Esta última idea no es nueva y se presenta en distintas versiones y en distintos grados. “Todo lo que tengo es gracias a mi esfuerzo”. “He trabajado mucho por llegar hasta aquí”. “El trabajo duro paga”. “El pobre es pobre porque quiere”.
El filósofo y profesor de Harvard Michael Sandel publicó hace algunos meses “La tiranía de la meritocracia”. Un primer punto que aparece en el libro puede sonarnos conocido: muchos de los procesos que hoy se dicen meritocráticos están lejos del ideal. Sandel ilustra esto hablando del proceso de ingreso a las universidades top de los Estados Unidos. Aunque sin duda el esfuerzo y las capacidades individuales juegan un importante factor para determinar quiénes logran la entrada, detrás de la aparente lógica del mérito se esconden otros factores. Muchos de quienes son admitidos, por ejemplo, han tenido la ventaja del acceso a carísimos tutores privados que los han colocado en mejores condiciones para afrontar las diferentes etapas del proceso de admisión. Por no hablar de quienes ven sus chances de ingreso elevadas gracias a contribuciones monetarias de sus padres.
Sandel pasa luego a hacer otro argumento, más fundamental. Imaginémonos que vivimos en una meritocracia perfecta. Incluso entonces, no podríamos decir que los alumnos que han sido aceptados en esas universidades lo han sido solo gracias a su dedicación y esfuerzo. También lo han sido gracias a un factor de suerte: la suerte de haber nacido con ciertas aptitudes, ciertos talentos, que les han permitido, con esfuerzo, lograr el ingreso a esas universidades.
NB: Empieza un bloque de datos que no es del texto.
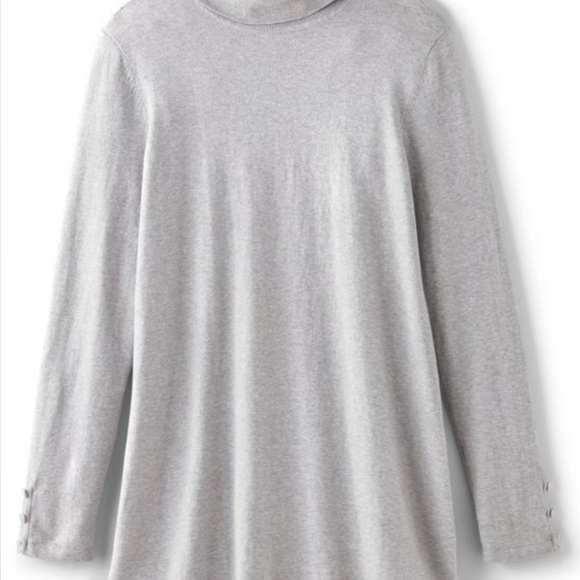 Soft Surroundings Deidre Light Gray Turtleneck Sweater Pullover Sz L - Picture 4 of 10
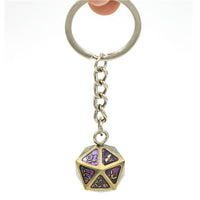 Metal D20 w/ Purple Glitter Keychain Analogue Font d20
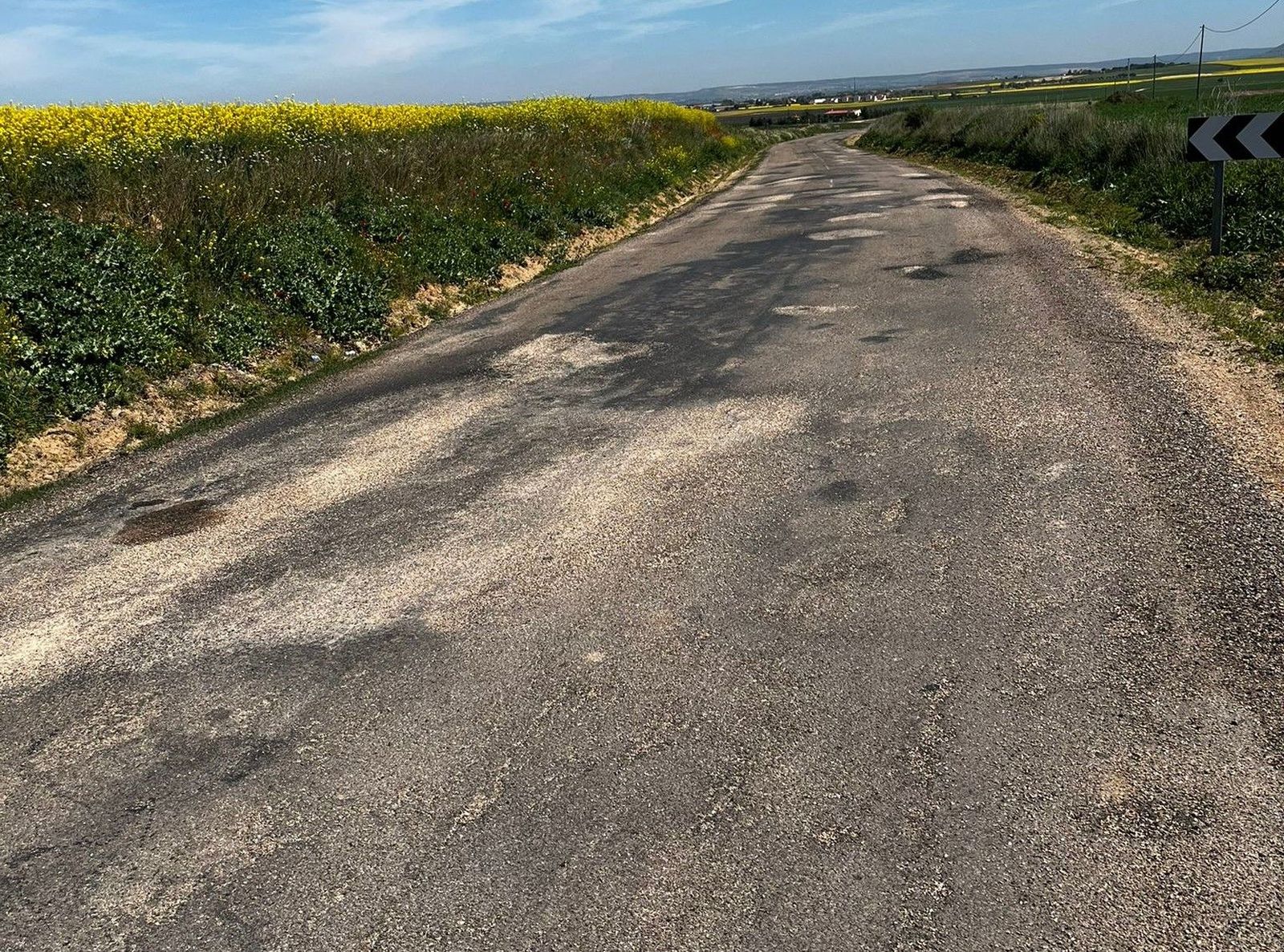 Estado de la carretera ZA-623 a su paso por Casaseca de las Chanas. Archivo.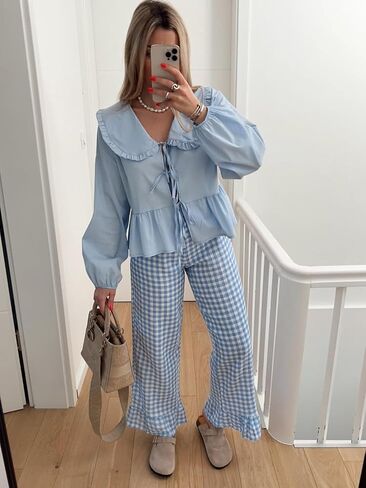 Women Lapel Doll Collar Blouse Puff Sleeve Pleated Tie Front Peplum Shirts Summer Cute Babydoll Tops in Saudi Arabia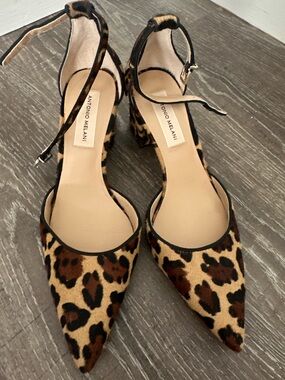 NEW Antonio Melani Leopard Print Ankle-Strap Pointed Block Heels - 7.5
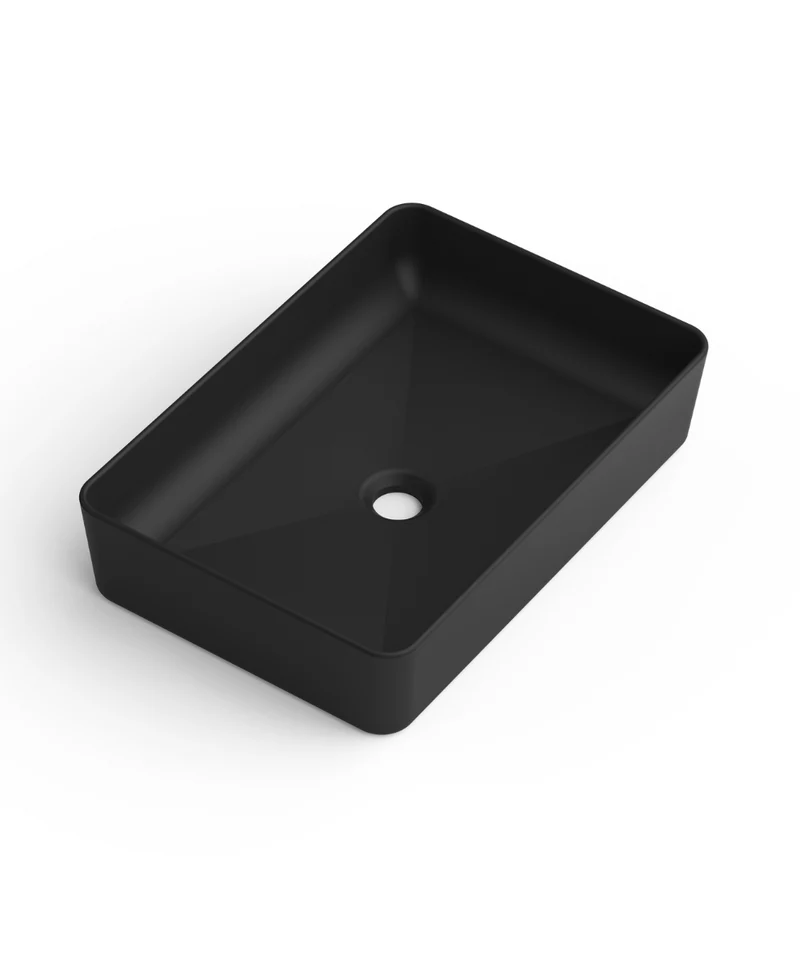Curazao Lavabo Sobre Encimera Resina y Carga Mineral Negro | Lavamanos Baño para Encimera Rectangular | 51x34cm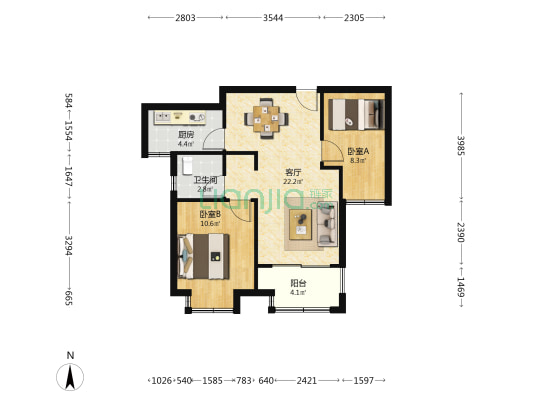 兑南西园 2室1厅1卫 69平方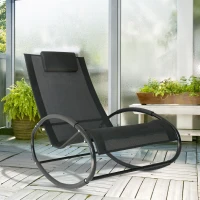 Outsunny Rocking Chair Sun Lounger Recliner Rocker Texteline Fabric Patio Garden Relaxer with Pillow, Black(m-2)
Como sociedad, sin embargo, muchas veces no parecemos reconocer ni lo primero (que lo que llamamos meritocracia no lo es del todo) ni lo segundo (que incluso en la meritocracia ideal existe el azar, sea en forma de aptitudes, talento, o de nacer en un momento de la historia donde precisamente son esas características las que se valoran y no otras).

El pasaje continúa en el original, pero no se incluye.